Outlook for USD/JPY

It's been a volatile ride for USD/JPY

Upcoming Monetary Policy Statement for the BoJ:

This Friday, October 28, the Bank of Japan has their monetary policy statement. We expect the interest rate to stay unchanged, however Governor Haruhiko Kuroda could warn that recent currency movements will have a negative impact on the nation’s economy. This being said, it is still unlikely that the BOJ changes anything to their monetary policy outlook.

BOJ FX Intervention:

The Yen appreciated against the dollar last Friday due to a potential large-scale FX intervention from the Bank of Japan. From outside sources, it is reported that Tokyo might have sold as much as $30 billion on Friday. This was a carefully constructed intervention as the Bank of Japan was looking to lower the confidence of the dollar bulls as the currency pair broke a significant level of 150. Tokyo has yet to officially confirm this intervention but we will have the intervention statistics by next week.

US Factors:

The current federal funds rate in the US is 3-3.25%. On Friday there was a reaction in the US rates market as a Wall Street Journal article implies the FED was trying to figure out how to portray the message that there may be a slow-down in tightening after the 75bp hike in November. This could potentially put a stop to the dollar bulls but we are still unlikely to be at the peak. The unemployment rate in the US is at 3.5% which is not terrible but the jobs market has yet to undergo the impact from the rising interest rates. This is a good indicator to keep an eye on because once unemployment begins to rise, that is when recession fears could potentially turn into a reality.

Long Term Japan Forecast:

Japan has been fighting to inflate the Yen to become more competitive in global trade and they have surpassed their 2% target. Japan got to the inflation target they were looking for but did it come in the way they wanted it?

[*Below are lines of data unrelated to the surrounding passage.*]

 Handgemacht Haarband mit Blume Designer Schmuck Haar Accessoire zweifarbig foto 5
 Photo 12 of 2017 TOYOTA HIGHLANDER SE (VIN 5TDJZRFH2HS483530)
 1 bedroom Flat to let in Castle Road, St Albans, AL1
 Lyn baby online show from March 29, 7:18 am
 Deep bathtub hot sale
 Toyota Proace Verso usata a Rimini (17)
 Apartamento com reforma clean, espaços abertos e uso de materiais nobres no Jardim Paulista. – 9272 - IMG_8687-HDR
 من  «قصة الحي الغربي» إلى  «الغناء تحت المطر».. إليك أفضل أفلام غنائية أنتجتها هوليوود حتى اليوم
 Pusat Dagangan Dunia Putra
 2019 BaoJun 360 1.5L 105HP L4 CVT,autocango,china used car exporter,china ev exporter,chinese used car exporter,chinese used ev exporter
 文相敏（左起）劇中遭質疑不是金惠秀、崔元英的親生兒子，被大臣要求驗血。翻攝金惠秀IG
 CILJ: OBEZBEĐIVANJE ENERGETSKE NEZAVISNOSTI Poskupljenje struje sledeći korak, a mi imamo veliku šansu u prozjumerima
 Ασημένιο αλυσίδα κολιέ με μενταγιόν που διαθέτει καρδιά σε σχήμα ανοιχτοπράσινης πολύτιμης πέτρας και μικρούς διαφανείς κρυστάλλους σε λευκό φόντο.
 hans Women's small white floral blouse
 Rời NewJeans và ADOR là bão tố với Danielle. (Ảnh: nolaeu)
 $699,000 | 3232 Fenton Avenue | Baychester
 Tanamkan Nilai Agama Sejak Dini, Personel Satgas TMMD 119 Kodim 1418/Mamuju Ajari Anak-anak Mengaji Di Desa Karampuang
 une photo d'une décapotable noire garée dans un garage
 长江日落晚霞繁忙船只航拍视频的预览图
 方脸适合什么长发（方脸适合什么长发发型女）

Governor Kuroda was hoping to get to 2% inflation by an increase in demand but this was how it played out. The BoJ got their 2% inflation from the rising energy costs from the war in Russia and also from the pandemic. In other words the inflation for the Yen came from supply and not demand. As the currency is inflating, the income per capita has not adjusted yet. The Bank of Japan will not be raising rates in regard to the next few monetary policy meetings but what is to come over the next year? They may be forced to abandon their 0% interest rate approach and slow down the inflationary impact to help the Japanese citizens. A notable word used by the Bank of Japan is that the inflation seen is “transitory”. Could this be another instance where the central bank is keeping the economy confident about their current economic stance but in reality are in trouble if this inflation gets out of hand? The Bank of Japan buys virtually all of their own debt because nobody is interested in a 0% return on their investment. The BoJ will have to change their stance in monetary policy if inflation continues to rise over the next year and the BoJ cannot afford to buy the debt they are creating.